“Health Summit Starting Point: Ban Three Bad Ideas”
The regular Monday morning column from Clark Judge has become a Tuesday column because of the snows in D.C.:
Health Summit Starting Point: Ban Three Bad Ideas
By Clark S. Judge, managing director, White House Writers Group ( www.whwg.com <http://www.whwg.com> )
How bad have the last few weeks been for Mr. Obama’s White House?
You can keep the score in headlines and magazine covers.
Covers? My favorite is The New Yorker’s, with the President in three cartoon panels walking across the water. In the fourth he’s falling in.
Headlines? Take this one from Monday’s Washington Post, “A year later, where did the hopes for Obama go?” Or as the Financial Times put it, for a story that in good British fashion blamed the courtiers (in this case, four senior advisors) and not the king, “As Barack Obama struggles to put his presidency on track, concerns are growing….”
As part of his self-revival tour, Mr. Obama has called a health care summit to, he said, “to go through systematically all the best ideas that are out there and help move it forward.”[# More #]
Here is a better idea. How about going through all the worst ideas first, and make sure we don’t move backwards?
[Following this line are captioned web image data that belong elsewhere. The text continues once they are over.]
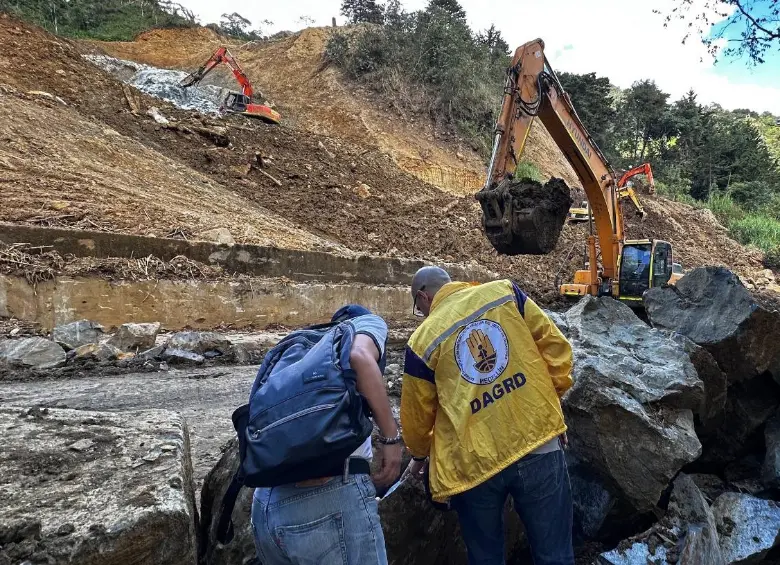Una de las emergencias evaluada por los técnicos del Dagrd en Medellín. FOTO: Cortesía
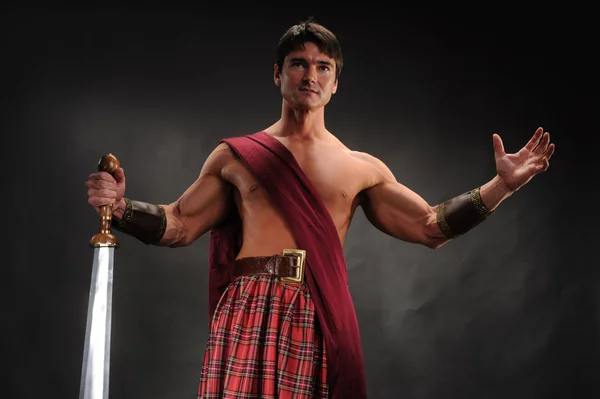 Der Gutaussehende Highlander Hält Ein Glänzendes Schwert — Stockfoto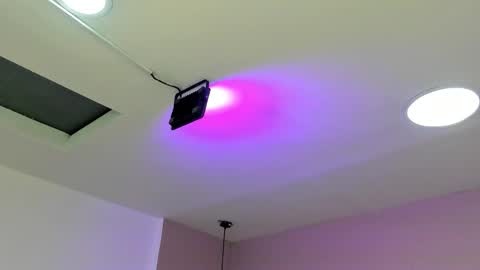 Snapshot of ziamiller chatting on September 20, 11:11 am zia online show from September 20, 11:11 am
Here are three bad ideas that should be removed from the table right away.
Bad idea #1: Federal mandates, as in employers are mandated to buy health insurance for all employees or else, or all of us are mandated to buy insurance for ourselves or else.
Outside of the obvious areas of criminal behavior, “or else” has no place in the vocabulary of the government of a free people. A major source of opposition to all of the plans that the president and his allies have tabled has been their compulsory character.
This is a matter of personal freedom. If I don’t want health insurance, nobody should be telling me to buy it. It is also a matter of a more subtle form of government control.
Consider this: if the government mandates the purchase of health insurance, it must also decide what features satisfy the mandate. In other words, mandates are the public option without the money. The government will decide what you are to do and through mandates how much you are to pay.
Then, too, experimentation that is the hallmark of a successful marketplace will be cut off, as every new idea must pass through an administrative approval process. Short cycle times (try, discard, try again, keep cooking until done) are an essential feature of a creative marketplace. Federal mandates will effectively kill that feature in the insurance marketplace, as state mandates in many places already have.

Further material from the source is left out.